3. **A pattern from `where`** — e.g., `[{:const, :alice}, {:var, "Y"}]`.
These are stored in a `QueryMeta` struct baked into the generated `query/2` function as a literal — no runtime lookup overhead.
## The Engine Room: `Knowledge.match/3`
`__execute_query__/3` performs pattern matching and projection. First, it calls `Knowledge.match/3`:
```elixir
def match(%__MODULE__{relations: rels}, relation, pattern) do
tuples = Map.get(rels, relation, MapSet.new())
Enum.reduce(tuples, MapSet.new(), fn tuple, acc ->
if matches_pattern?(tuple, pattern) do
MapSet.put(acc, tuple)
else
acc
end
end)
end
```
The pattern is a list where `:_` matches any value and other values match exactly. The `where` clause `ancestor(:alice, Y)` compiles to `[:alice, :_]` — constants are passed through, variables become wildcards because their values aren't known until the match runs:
```elixir
defp query_term_to_pattern(:wildcard), do: :_
defp query_term_to_pattern({:var, _}), do: :_
defp query_term_to_pattern({:const, value}), do: value
```
## Projection: From Tuples to Targeted Results
After `match/3` returns matching tuples, `project_tuple/3` extracts the columns specified in `find`:
```elixir
defp project_tuple(tuple, find_vars, pattern) do
positions =
find_vars
|> Enum.map(fn var_name ->
Enum.find_index(pattern, fn
{:var, ^var_name} -> true
_ -> false
end)
end)
case positions do
[single_pos] when is_integer(single_pos) -> elem(tuple, single_pos)
_ when is_list(positions) ->
positions
|> Enum.filter(&(&1 != nil))
|> Enum.map(fn pos -> elem(tuple, pos) end)
|> List.to_tuple()
end
end
```
For `find Y` with pattern `[{:const, :alice}, {:var, "Y"}]`: find position of `"Y"` → index 1, extract `elem(tuple, 1)` from each matched tuple, return a flat list.
For `find X, Y` with pattern `[{:var, "X"}, {:var, "Y"}]`: find positions of both variables, extract both values, return a list of tuples.
The `Enum.sort()` call in `__execute_query__/3` ensures deterministic output regardless of storage backend.
## The Builder API Alternative
Without the DSL, post-materialization queries use `Knowledge.match/3` directly:
```elixir
matched = Knowledge.match(knowledge, "ancestor", [:alice, :_])
results = matched |> MapSet.to_list() |> Enum.map(fn {_, desc} -> desc end) |> Enum.sort()
#=> [:bob, :carol, :dave]
```
The `query` macro automates this `match → project → sort` pipeline with compile-time name resolution.
## Limitations
The current `query` macro operates on a single relation, matches one pattern, and projects specific columns.
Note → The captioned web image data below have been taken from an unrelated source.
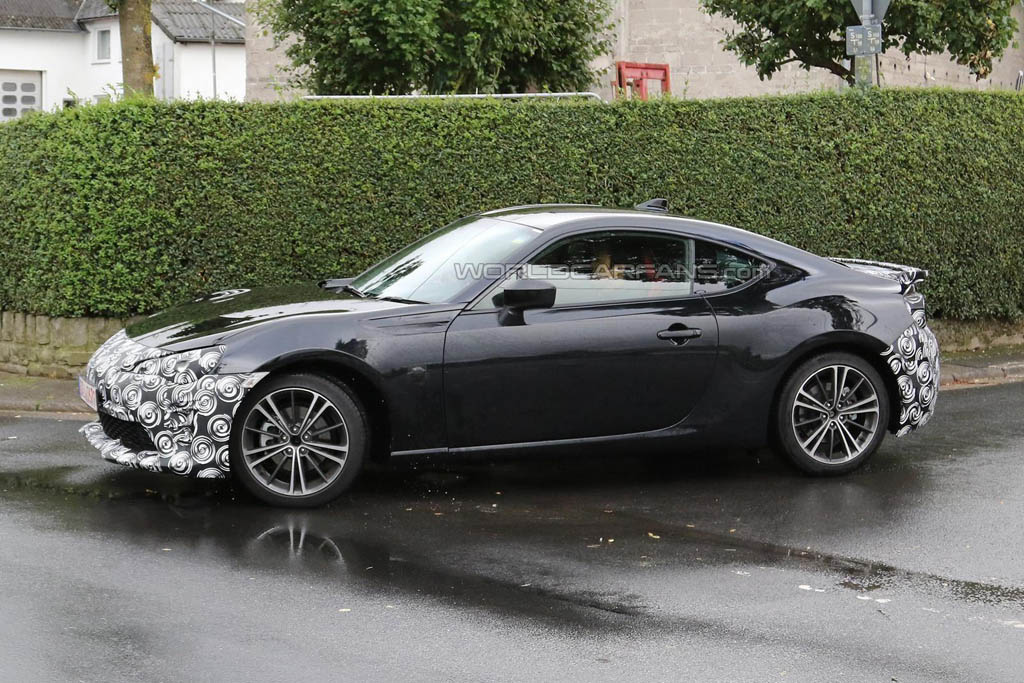 Toyota GT86 facelift spied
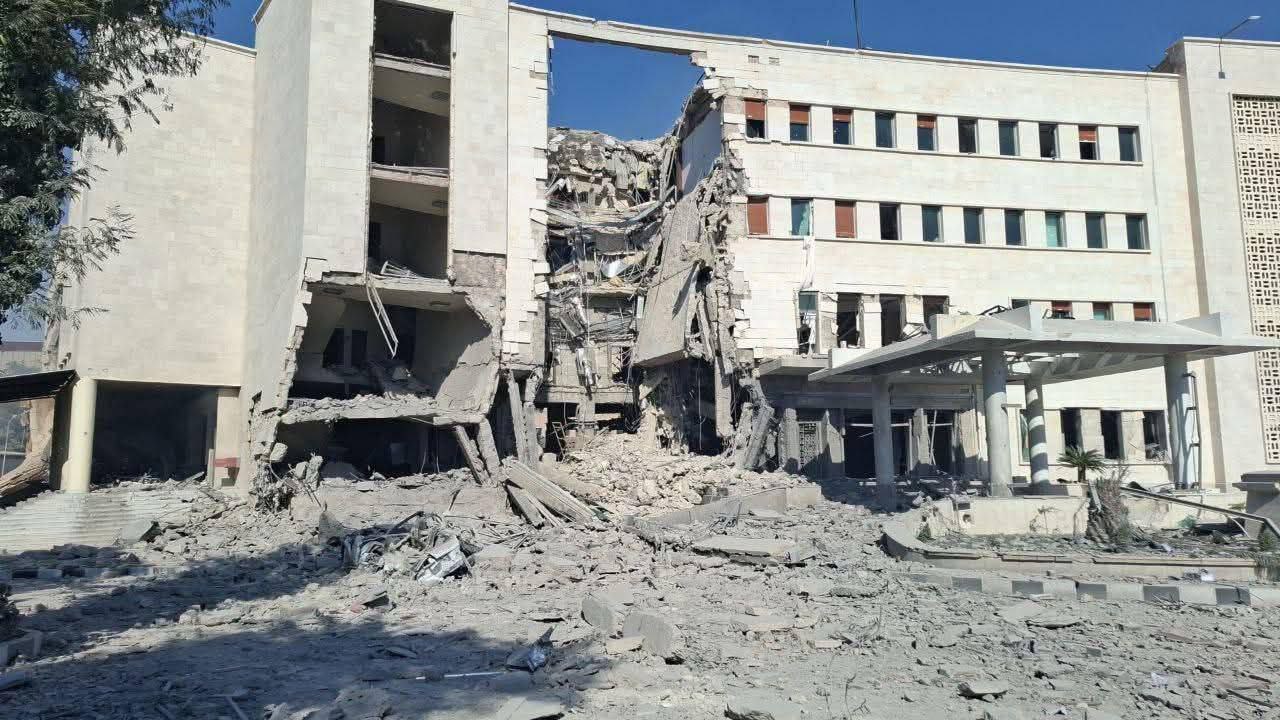 مبنى وزارة الدفاع السورية في العاصمة دمشق بعد إستهدافه من…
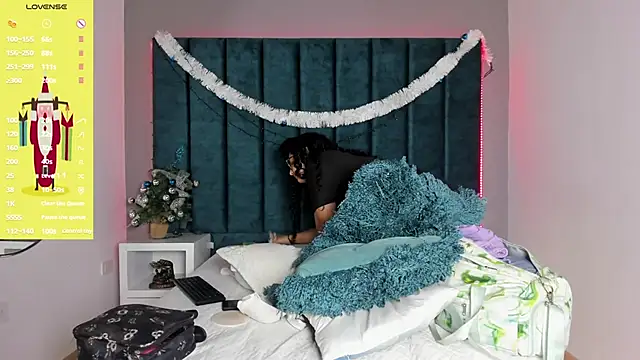 DanielleEvans  online show from 5, 1, 2026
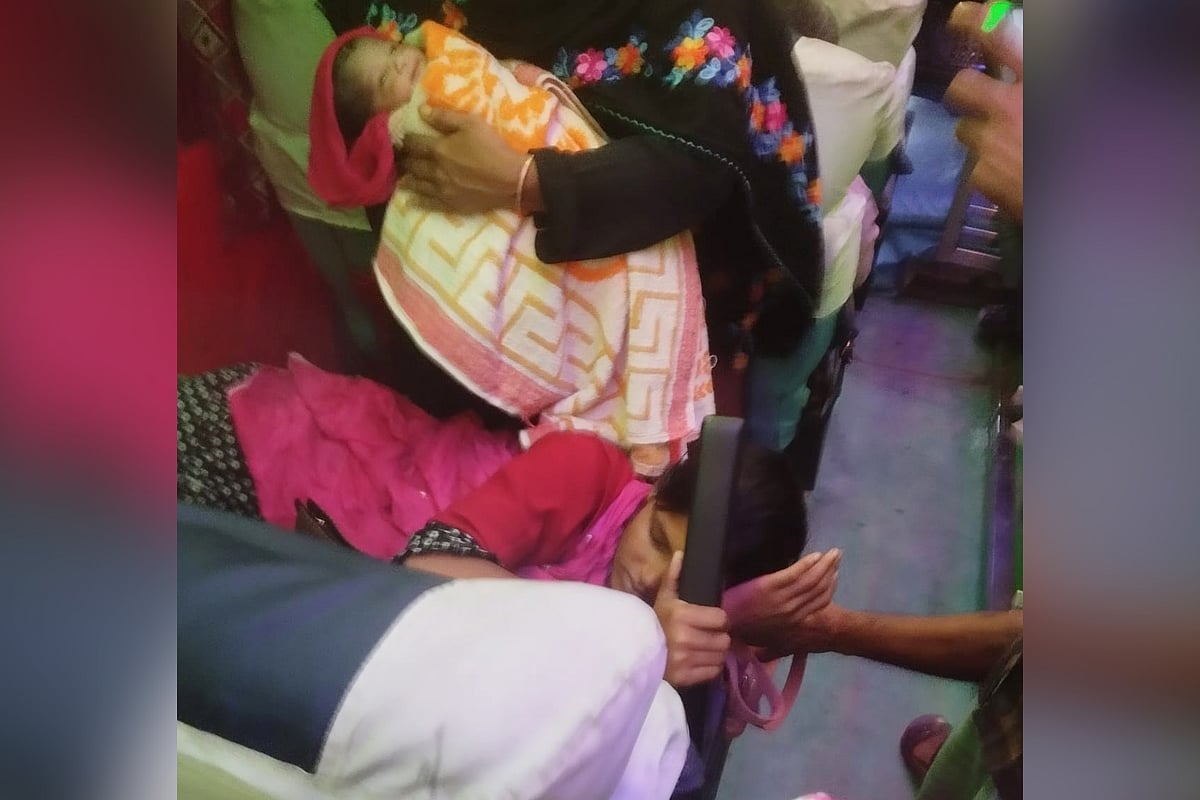 গ্রামে যাওয়ার পথে বাসে সন্তান প্রসব, পরিবহনের নামে শিশুর নাম, আজীবন ভ্রমণ ‘ফ্রি’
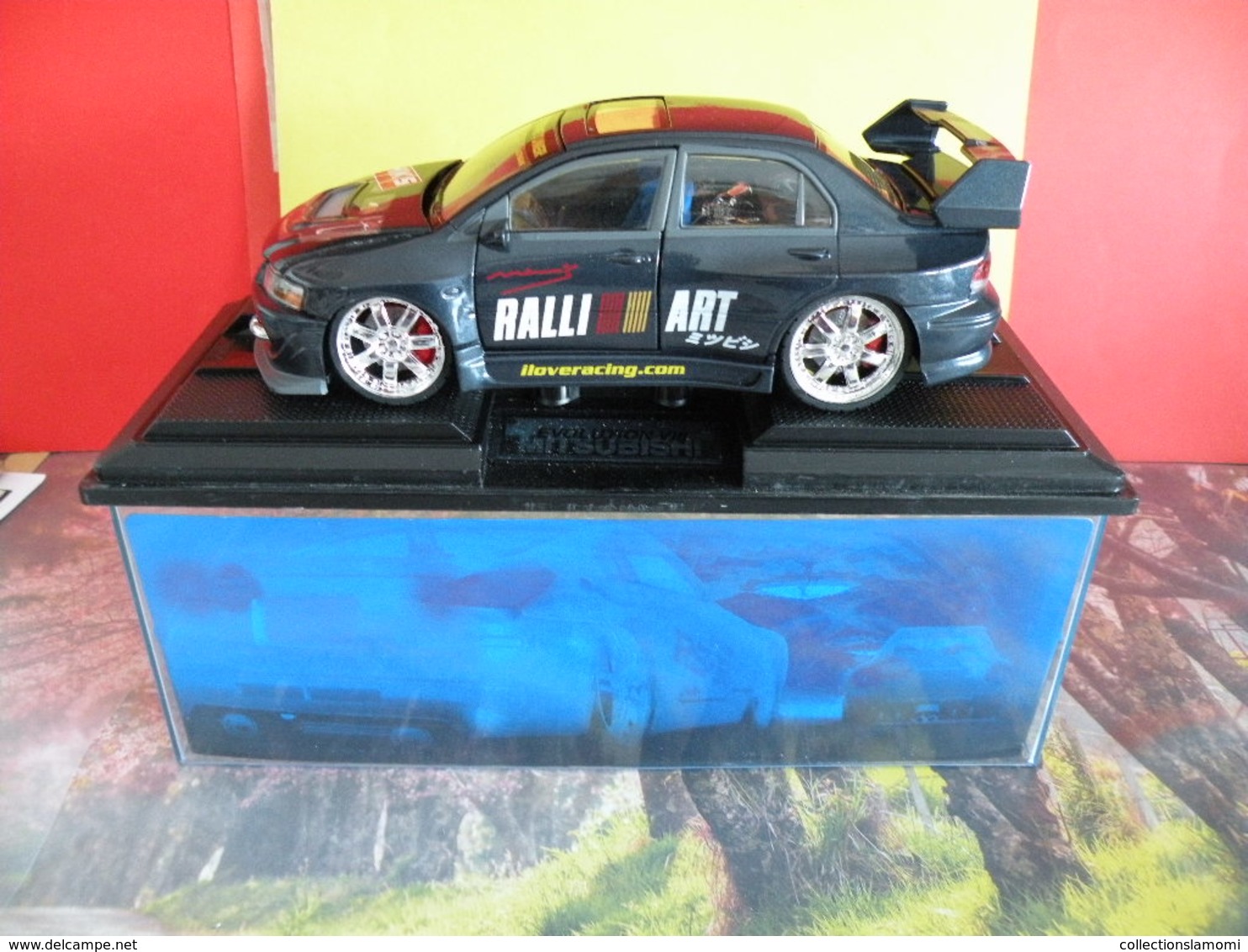 Rallye - Mitsubishi Évolution VIII HKS - Métal Neuf - 1/24 - Boite Vitrine - Kentoys - - Autres & Non Classés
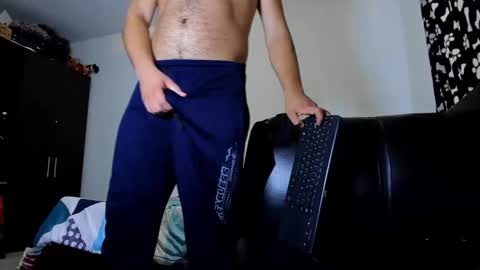 Snapshot of diiego_xxx chatting on 11/08/25, 06:40 diiego_xxx online show from 11/08/25, 06:40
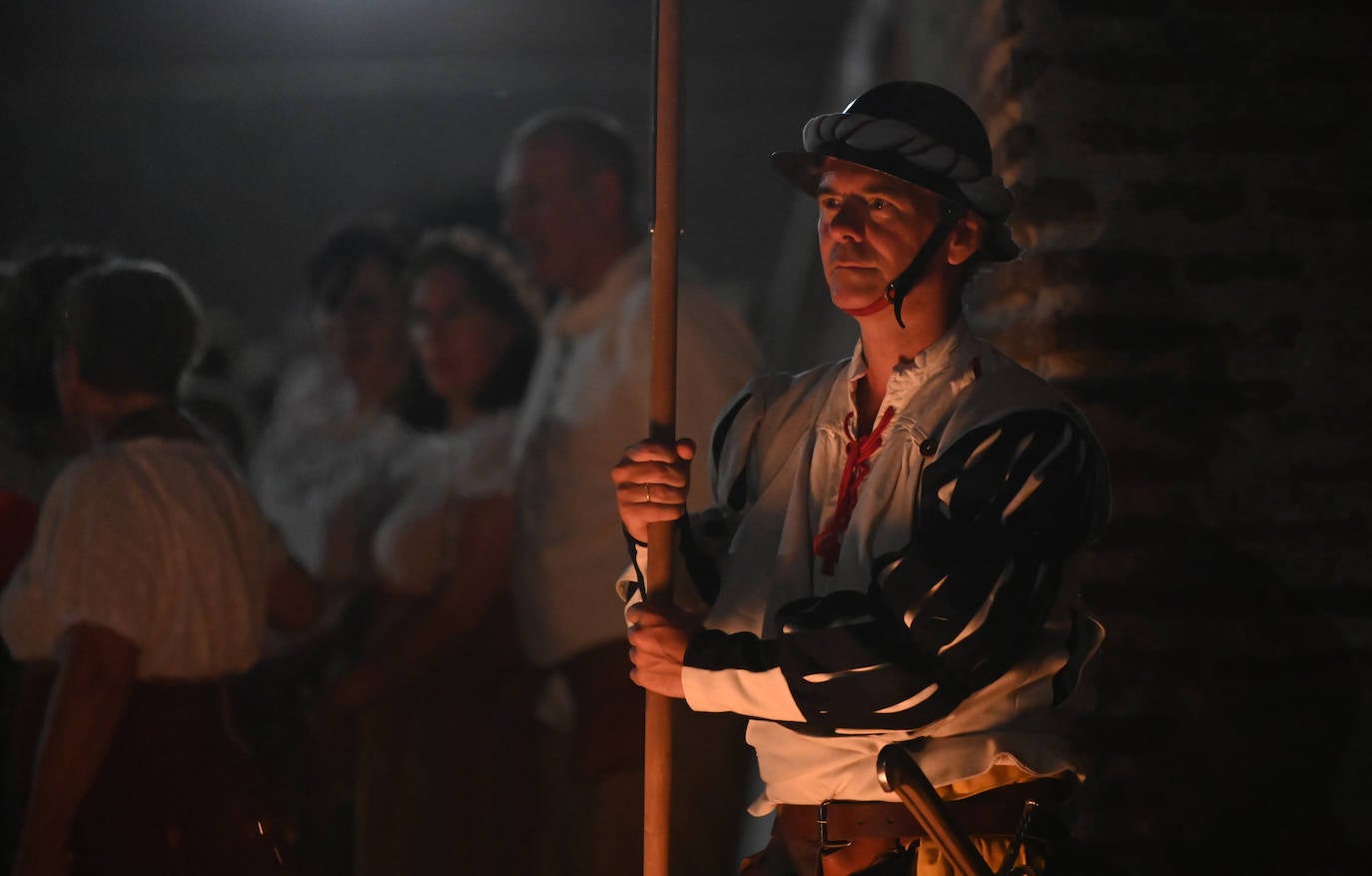 Fotos: Recreación histórica de la quema de Medina del Campo (1 de 2)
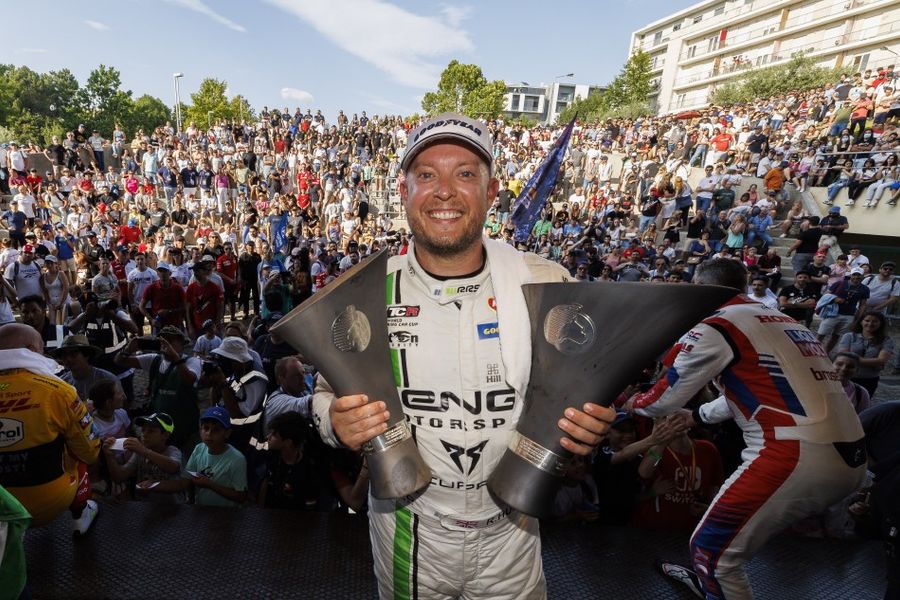 Huff wins WTCR's 100th race in Vila Real Race of Portugal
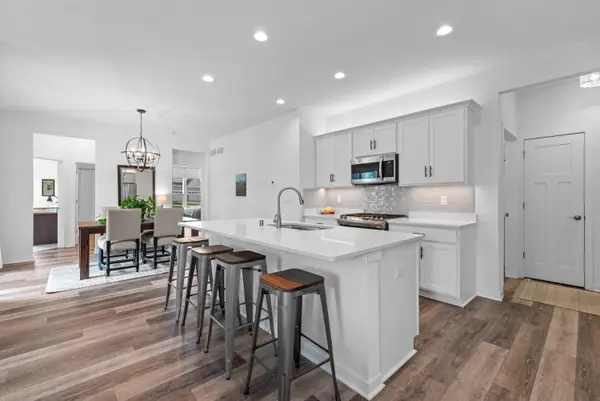 757 Bridlewood Dr, Hartford, WI 53027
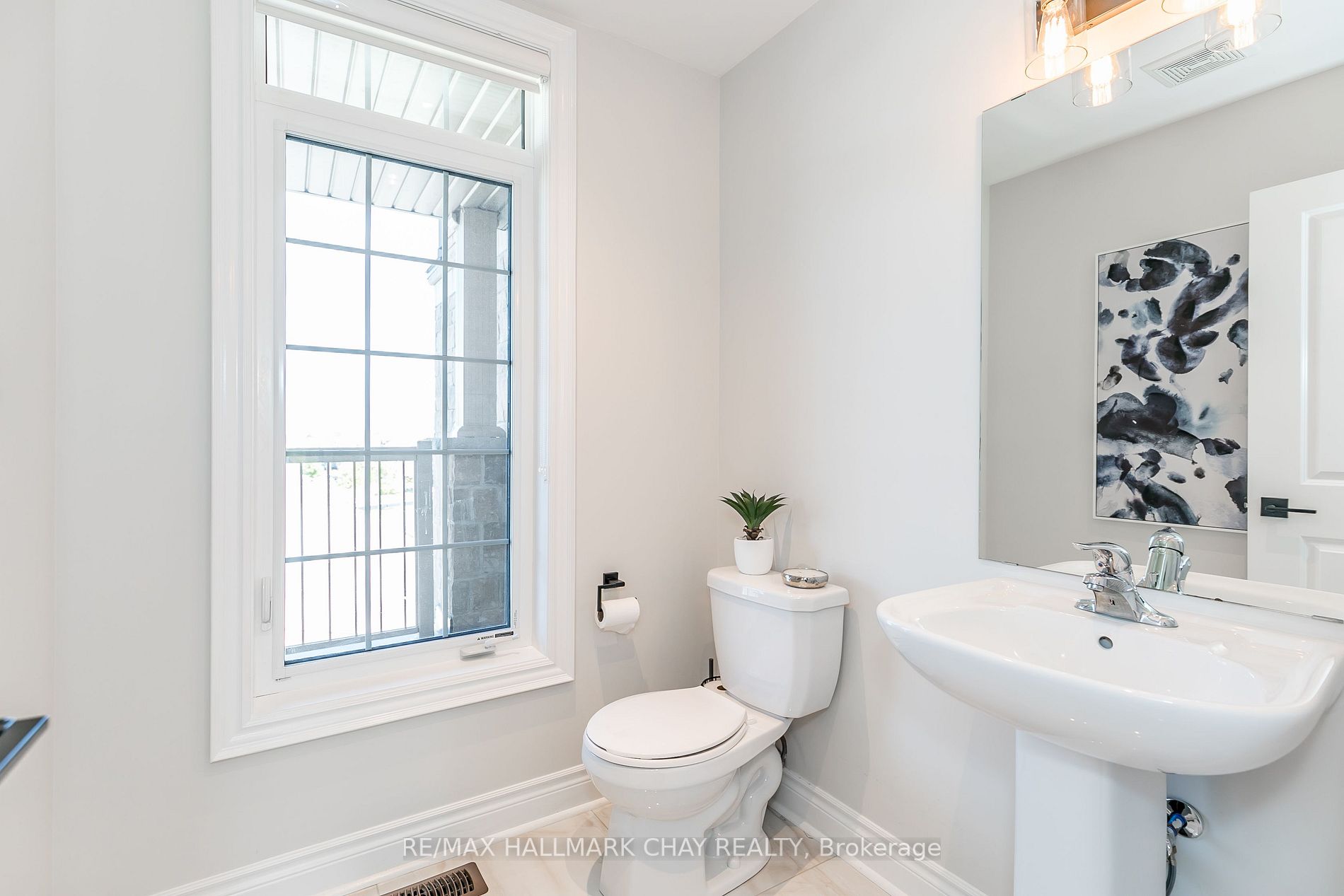 142 Inverness Way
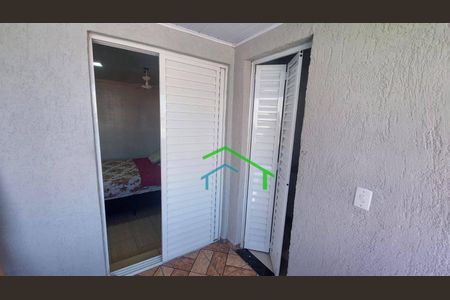 24_photo/94cf002f1b.70986b2d83168018-ATLAS-cb8678b6-dd84-4751-aaa6-5ba4cebb11c3.jpg de casa à venda com 3 quartos, 183m² em Jardim Santa Tereza, Carapicuíba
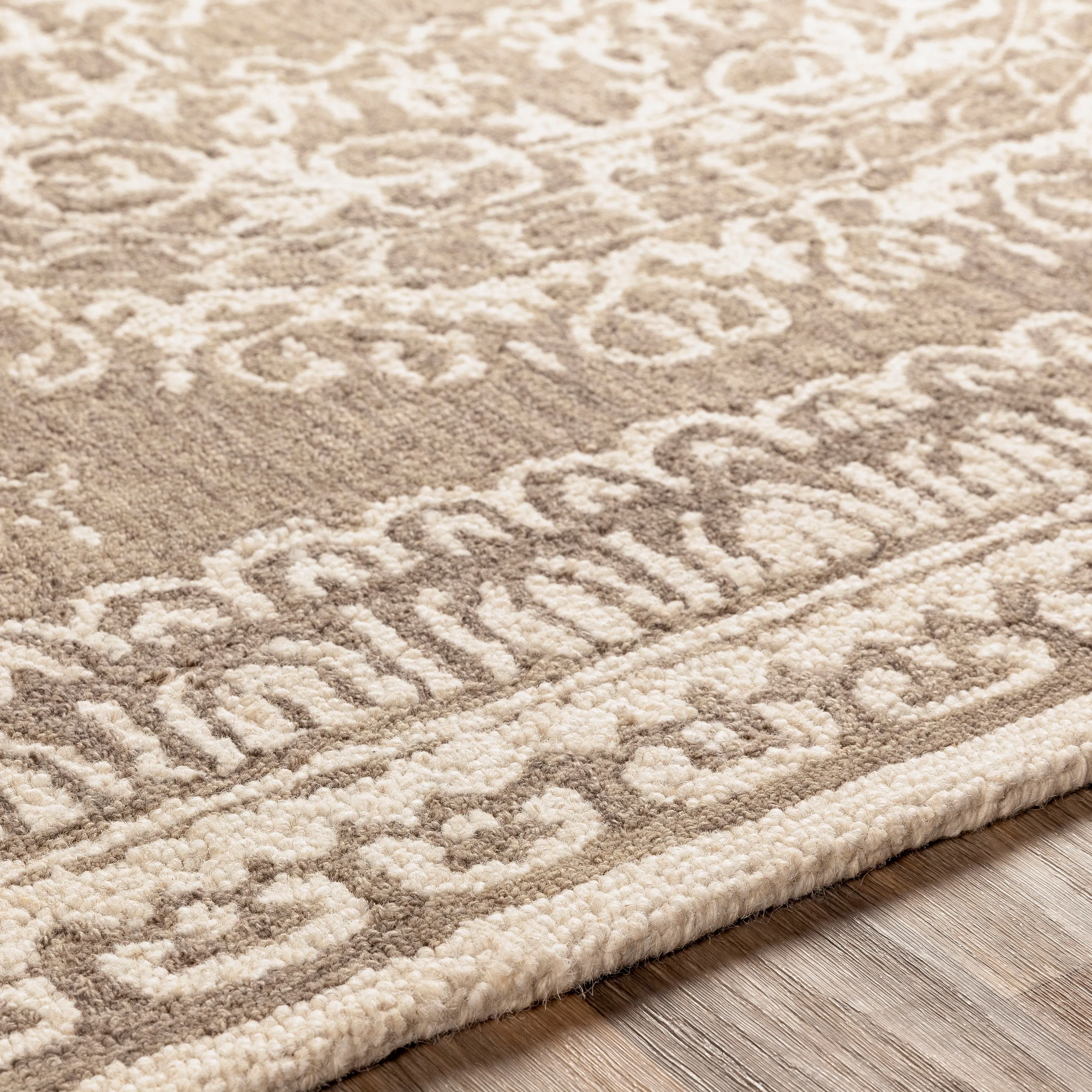 Livabliss Zutphen Handmade Traditional Area Rug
It doesn't support joins across relations, aggregates, or negation. These limits exist because queries run against already-materialized knowledge. A future query planner could decompose multi-relation queries into join plans that reuse the evaluation engine's matching infrastructure, but for v0.4.0, `Knowledge.match/3` is the foundation.